━━━ Data in this exercise

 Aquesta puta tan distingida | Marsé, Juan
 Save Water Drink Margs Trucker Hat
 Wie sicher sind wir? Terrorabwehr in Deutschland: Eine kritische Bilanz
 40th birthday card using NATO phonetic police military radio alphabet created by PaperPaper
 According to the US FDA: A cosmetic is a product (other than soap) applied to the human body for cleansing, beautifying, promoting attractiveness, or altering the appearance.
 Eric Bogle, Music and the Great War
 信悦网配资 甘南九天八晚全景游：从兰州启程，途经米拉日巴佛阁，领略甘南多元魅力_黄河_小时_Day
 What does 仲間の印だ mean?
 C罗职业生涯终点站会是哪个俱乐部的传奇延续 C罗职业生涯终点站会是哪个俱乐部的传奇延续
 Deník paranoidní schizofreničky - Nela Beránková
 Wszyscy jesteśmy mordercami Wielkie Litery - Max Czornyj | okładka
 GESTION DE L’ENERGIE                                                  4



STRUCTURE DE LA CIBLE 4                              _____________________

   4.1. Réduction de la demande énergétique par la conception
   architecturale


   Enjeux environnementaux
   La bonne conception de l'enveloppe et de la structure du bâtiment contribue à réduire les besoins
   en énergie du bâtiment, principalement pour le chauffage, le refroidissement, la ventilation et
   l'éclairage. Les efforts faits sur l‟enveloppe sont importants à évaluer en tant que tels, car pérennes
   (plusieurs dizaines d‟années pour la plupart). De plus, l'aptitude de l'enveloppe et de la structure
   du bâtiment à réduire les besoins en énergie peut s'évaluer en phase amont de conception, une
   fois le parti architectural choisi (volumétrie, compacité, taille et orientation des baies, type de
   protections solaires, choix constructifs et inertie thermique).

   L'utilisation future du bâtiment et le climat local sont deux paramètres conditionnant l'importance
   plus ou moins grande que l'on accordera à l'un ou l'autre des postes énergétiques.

━━━━━━

▸ Exercise: Only an exact copy is wanted here: the line containing "GESTION DE L’ENERGIE" and every later line, up to and including the last line of the listing.

▸ Solution to the exercise:
 GESTION DE L’ENERGIE                                                  4



STRUCTURE DE LA CIBLE 4                              _____________________

   4.1. Réduction de la demande énergétique par la conception
   architecturale


   Enjeux environnementaux
   La bonne conception de l'enveloppe et de la structure du bâtiment contribue à réduire les besoins
   en énergie du bâtiment, principalement pour le chauffage, le refroidissement, la ventilation et
   l'éclairage. Les efforts faits sur l‟enveloppe sont importants à évaluer en tant que tels, car pérennes
   (plusieurs dizaines d‟années pour la plupart). De plus, l'aptitude de l'enveloppe et de la structure
   du bâtiment à réduire les besoins en énergie peut s'évaluer en phase amont de conception, une
   fois le parti architectural choisi (volumétrie, compacité, taille et orientation des baies, type de
   protections solaires, choix constructifs et inertie thermique).

   L'utilisation future du bâtiment et le climat local sont deux paramètres conditionnant l'importance
   plus ou moins grande que l'on accordera à l'un ou l'autre des postes énergétiques.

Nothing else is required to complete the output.